JUBA – A member of South Sudan’s Transitional Council of State has admitted that the world’s youngest country which has been in a bloody civil war for seven years is really corrupt as international community always put it on top of most corrupt countries.
This comes after the National Audit Chamber said in a report released last week that some government institutions including the office of the president were allocated millions of dollars for unknown reasons.
The report says the money illegally allocated to those institutions and individuals are parts of 2% and 3% meant for oil-producing communities in Unity state, Ruweng Administrative Area and Upper Nile state.
The auditor general later said the ministry of finance and other financial institutions were no providing financial documents making it difficult for the National Audit Chamber to do its work.
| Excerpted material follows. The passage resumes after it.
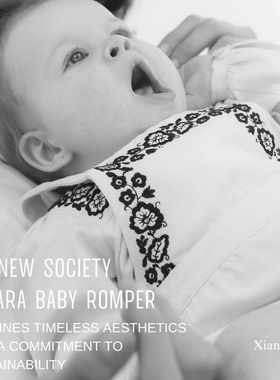 the new society 25AW纯棉男宝女宝刺绣白色牛仔连体裤背带裤周岁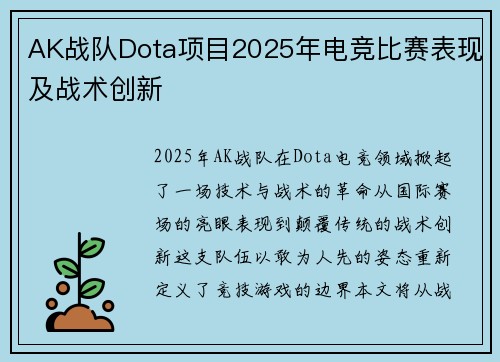 AK战队Dota项目2025年电竞比赛表现及战术创新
Speaking last Wednesday, Nelson Lomatta, a member of the Transitional Council of State, decried the level of corruption in the world’s youngest country as strange and said the international community are right putting
“If only 5% is played within their hands here and there, suppose the 95% of our revenue is audited, I think some of us will become mad because the way money is being used in this country is very strange,” he said according to the Juba-based Eye Radio.
“International communities put South Sudan on top of the most corrupt countries. This audit report explains that we are really corrupt, it is very unfortunate,” he added.
Joseph Aban Deng, another member of the Council of State who also studied the report urged for identification and investigation of the authorities for the corruption which he said has been ongoing for a decade.
“We should identify the authorities who will have to look, investigate, and if possible, incriminate these people who did not deserve to get this money since 2011 up to now,” Aban said.
The report had recommended that the “Council of States to prefer legal ways to enforce the recovery of illegal payments and expropriations.”